── STUDY MATERIAL
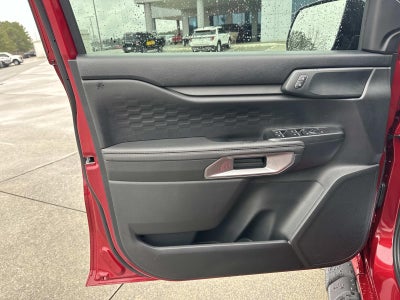 2025 Ford Ranger XLT 4WD SUPERCREW 5' BOX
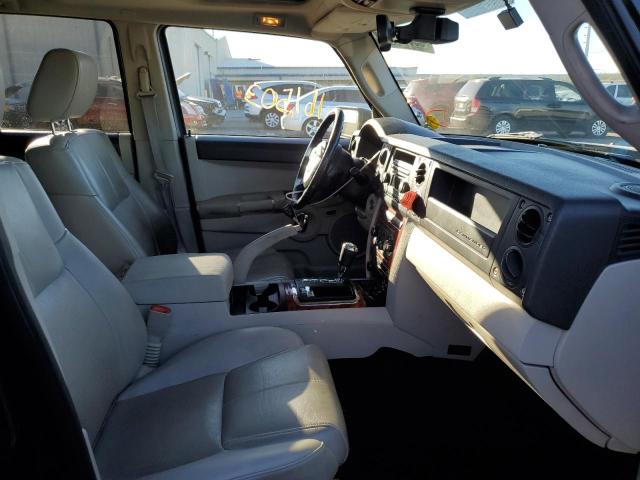 Photo 5 from auction – 2006 JEEP COMMANDER with VIN 1J8HG58N56C175727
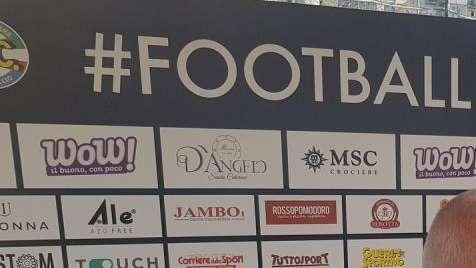 Eriksson: "Spero la Lazio possa inserirsi nella lotta scudetto. La Serie A sta tornando ad alti livelli"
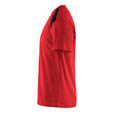 Blaklader T-shirt Rot/Schwarz 4XL
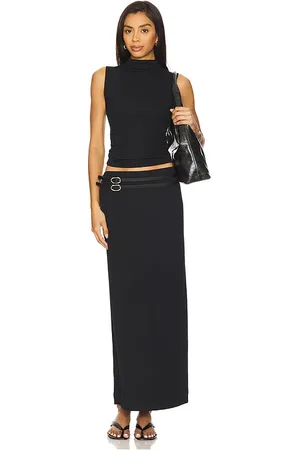 Free People Conjunto free-est ellie en color talla L en - Black. Talla L (también en M, S, XL, XS).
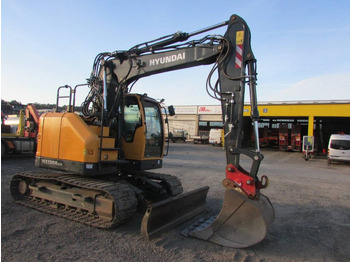 Crédit-bail Hyundai HX 130 ALCR Kettenbagger 77.500 EUR / AC Hyundai HX 130 ALCR Kettenbagger 77.500 EUR / AC: photos 4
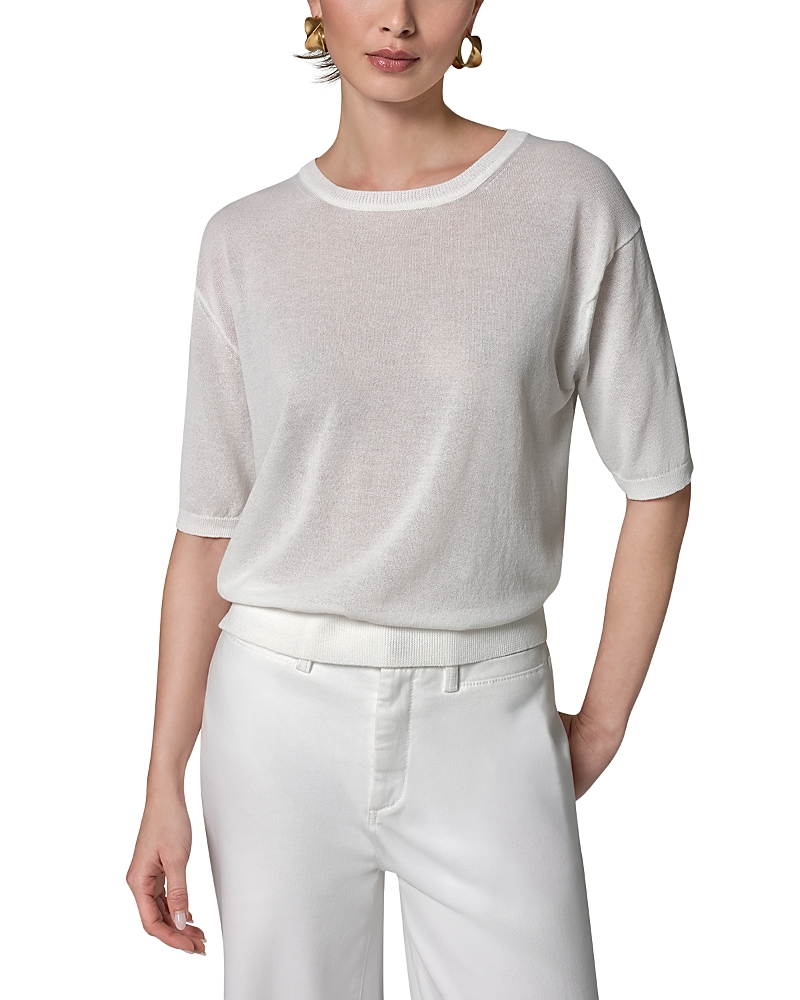 Donna Karan Crewneck Sweater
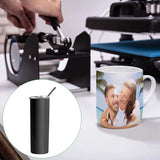 27Pcs Silicone Bands Kit for Sublimation Tumblers 20/30Oz Skinny Cup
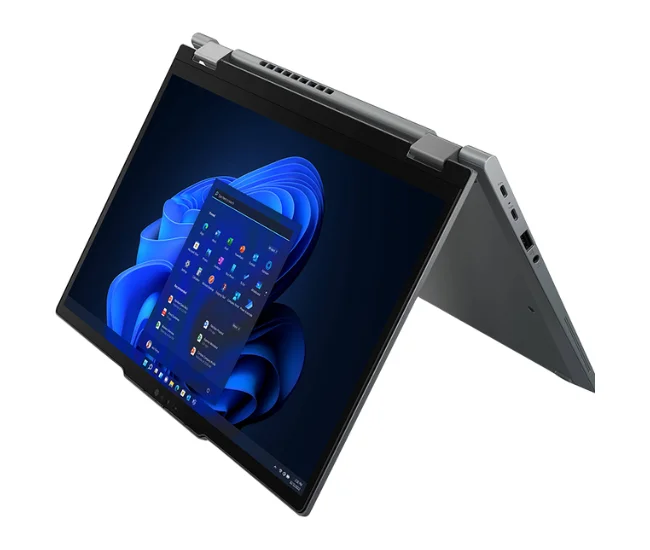 Lenovo ThinkPad X13 Yoga Core i5 10th Gen 16GB RAM 256GB SSD x360 Touchscreen - Gallery Image 2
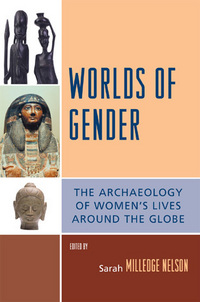 Book Cover for Worlds of Gender by Sarah M Nelson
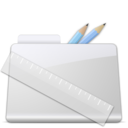 Application Folder smooth Icon
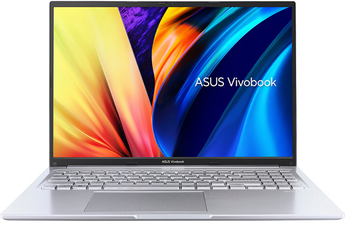 VivoBook S1605ZA 16" LED WUXGA Intel Core i7 12700H RAM 16 Go DDR4 512 Go SSD Intel Iris Xe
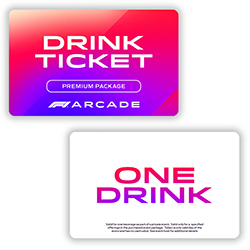 Drink Tickets - Pack of 100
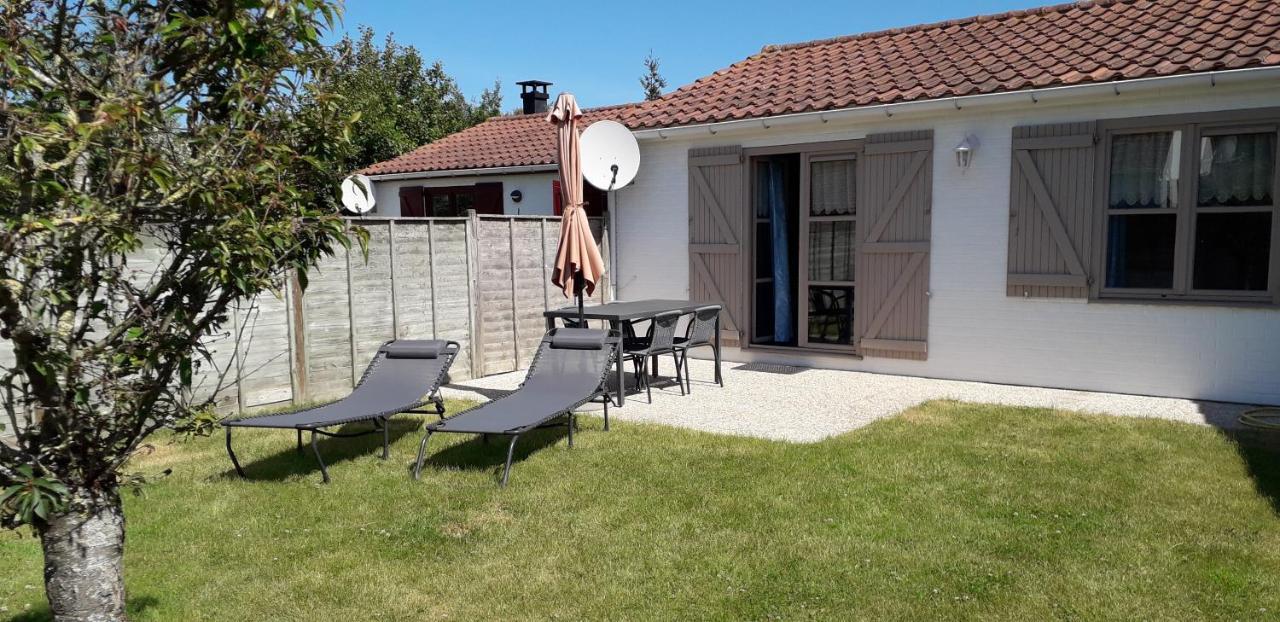 Holiday home Maison De Dunes Bredene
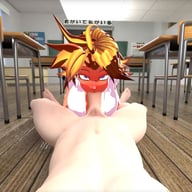 Kyouka Needs a Passing Grade VRWD vr porn video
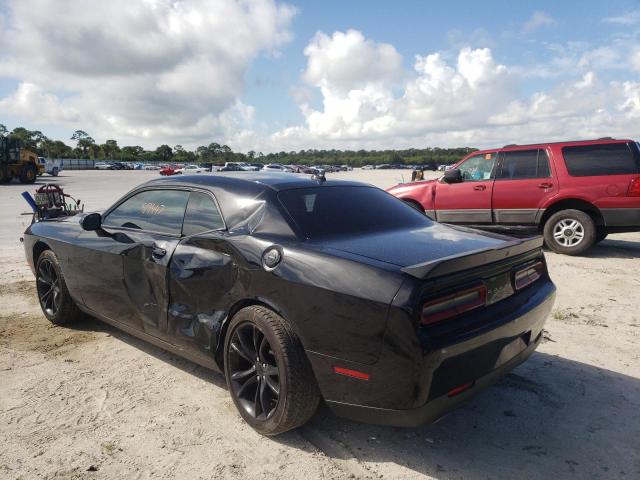 Photo 3 from auction – 2016 DODGE CHALLENGER with VIN 2C3CDZBT9GH315368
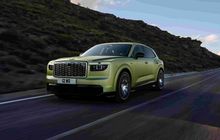 Bentley Torcal resmi Diluncurkan, Mobil Listrik Pertama Bentley Nih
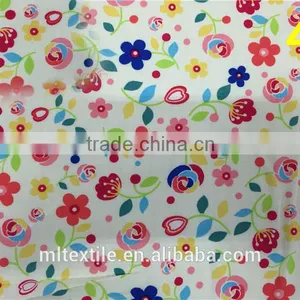 100% Printed Viscose Stock Wholesale Shirting Fabric thumbnail-1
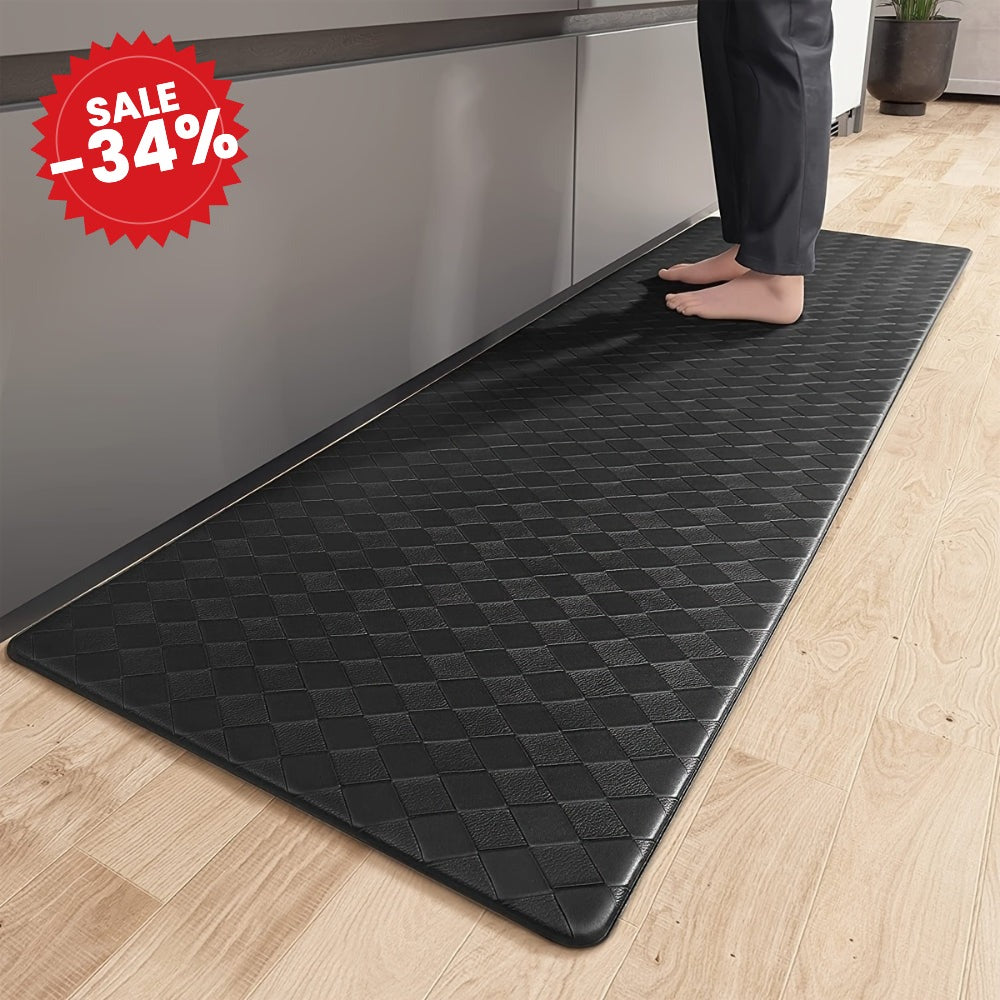 Cushioned Comfort Kitchen Mat Non-Slip Runner Mat - SALE -34%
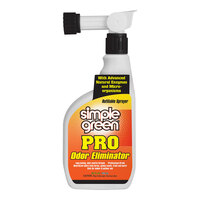 Simple Green Pro 710100601032 32 oz. Citrus Scented Odor Eliminator - 6/Case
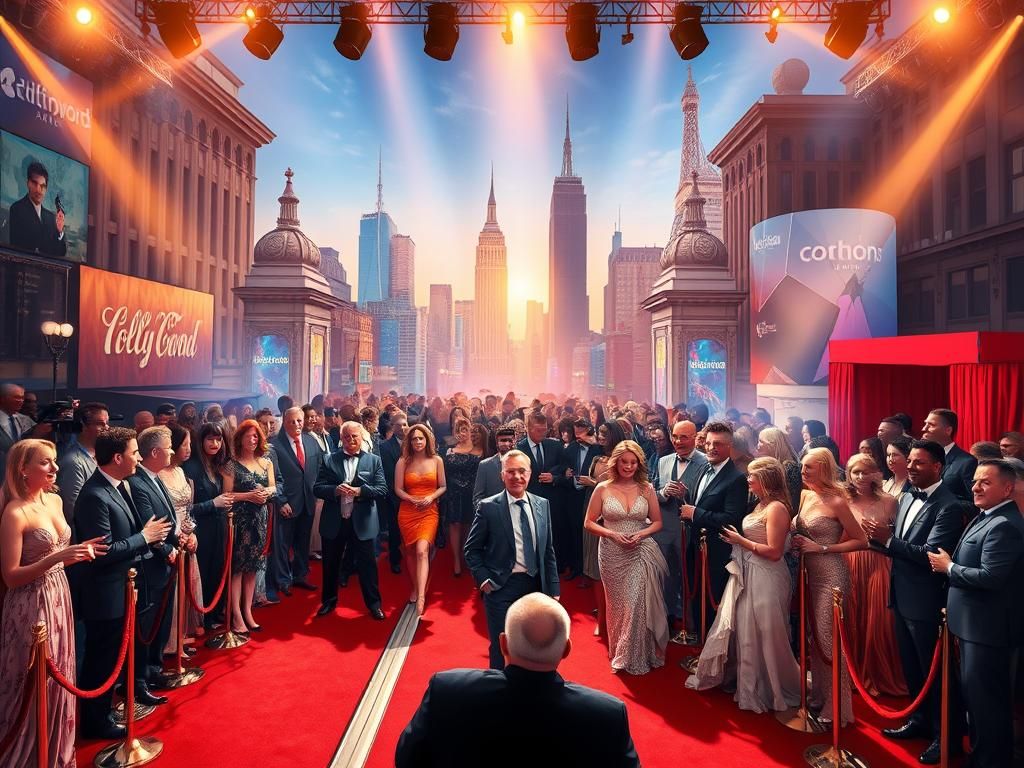 A-Listers’ August Whirlwind: Galas, Premieres, and Philanthropy Define a Star-Studded Week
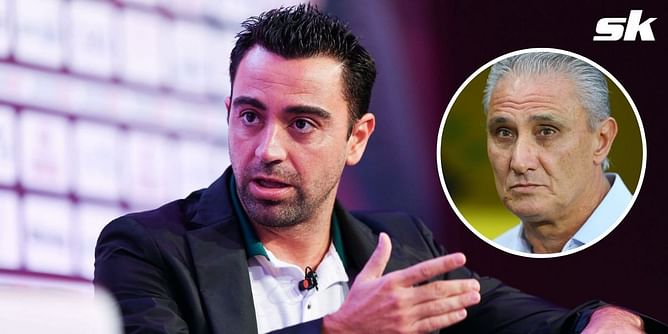 Xavi rejected chance to replace Brazil manager Tite in 2022 in favour of Barcelona return: Reports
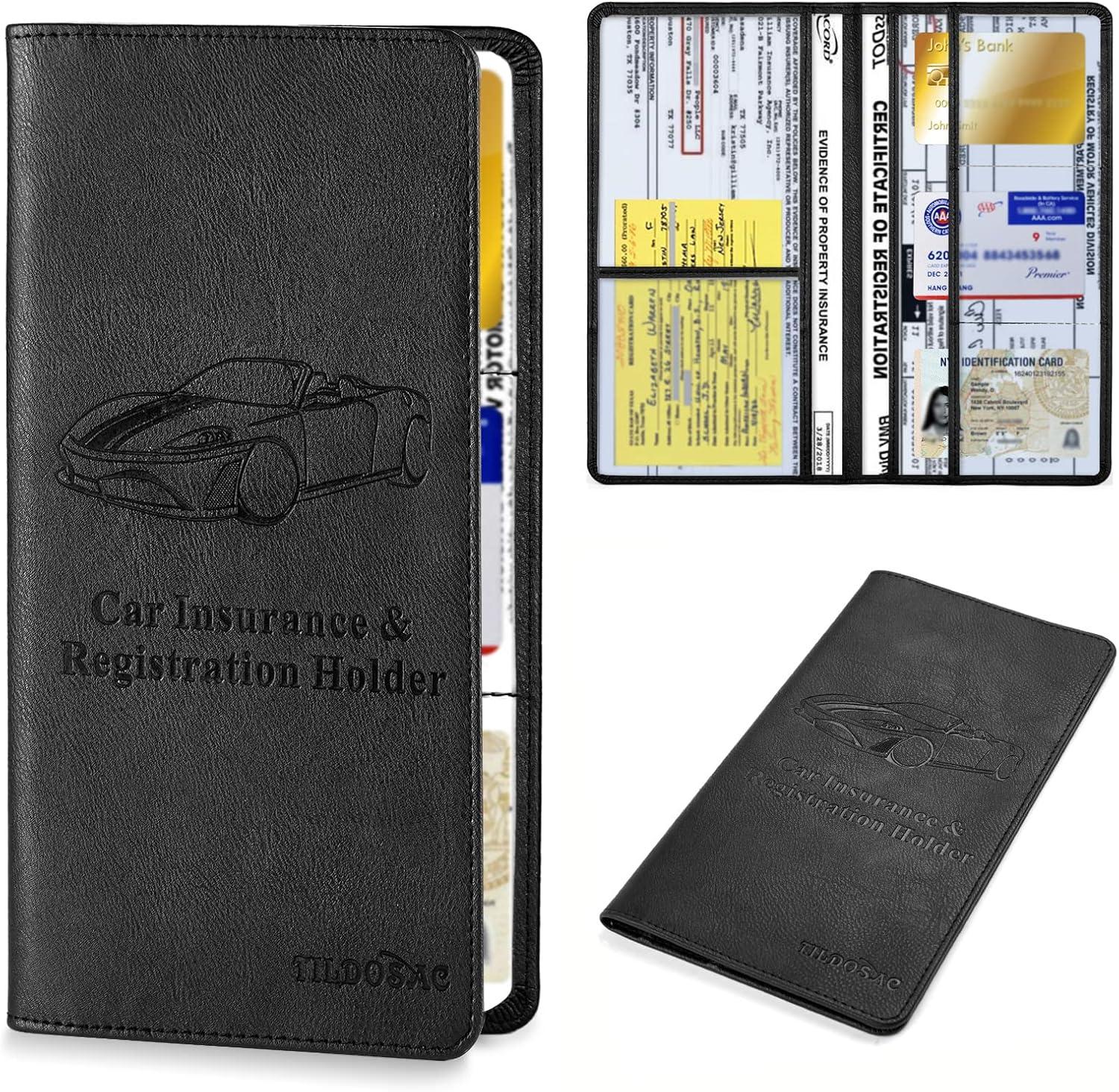 Premium Car Docs Organizer: Tested Versus Trending Choices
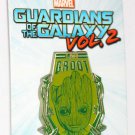 Disney Marvel Guardians of the Galaxy Vol. 2 Baby Groot Pin Disney Marvel Guardians of the Galaxy Vol. 2 Baby Groot Pin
────
▶ **WHAT IS EXPECTED**:
Repeat every record above exactly, but leave out any pictures.

▶ **RESPONSE TO THE TASK**:
 2025 Ford Ranger XLT 4WD SUPERCREW 5' BOX
 Photo 5 from auction – 2006 JEEP COMMANDER with VIN 1J8HG58N56C175727
 Eriksson: "Spero la Lazio possa inserirsi nella lotta scudetto. La Serie A sta tornando ad alti livelli"
 Blaklader T-shirt Rot/Schwarz 4XL
 Free People Conjunto free-est ellie en color talla L en - Black. Talla L (también en M, S, XL, XS).
 Crédit-bail Hyundai HX 130 ALCR Kettenbagger 77.500 EUR / AC Hyundai HX 130 ALCR Kettenbagger 77.500 EUR / AC: photos 4
 Donna Karan Crewneck Sweater
 27Pcs Silicone Bands Kit for Sublimation Tumblers 20/30Oz Skinny Cup
 Lenovo ThinkPad X13 Yoga Core i5 10th Gen 16GB RAM 256GB SSD x360 Touchscreen - Gallery Image 2
 Book Cover for Worlds of Gender by Sarah M Nelson
 Application Folder smooth Icon
 VivoBook S1605ZA 16" LED WUXGA Intel Core i7 12700H RAM 16 Go DDR4 512 Go SSD Intel Iris Xe
 Drink Tickets - Pack of 100
 Holiday home Maison De Dunes Bredene
 Kyouka Needs a Passing Grade VRWD vr porn video
 Photo 3 from auction – 2016 DODGE CHALLENGER with VIN 2C3CDZBT9GH315368
 Bentley Torcal resmi Diluncurkan, Mobil Listrik Pertama Bentley Nih
 100% Printed Viscose Stock Wholesale Shirting Fabric thumbnail-1
 Cushioned Comfort Kitchen Mat Non-Slip Runner Mat - SALE -34%
 Simple Green Pro 710100601032 32 oz. Citrus Scented Odor Eliminator - 6/Case
 A-Listers’ August Whirlwind: Galas, Premieres, and Philanthropy Define a Star-Studded Week
 Xavi rejected chance to replace Brazil manager Tite in 2022 in favour of Barcelona return: Reports
 Premium Car Docs Organizer: Tested Versus Trending Choices
 Disney Marvel Guardians of the Galaxy Vol. 2 Baby Groot Pin Disney Marvel Guardians of the Galaxy Vol. 2 Baby Groot Pin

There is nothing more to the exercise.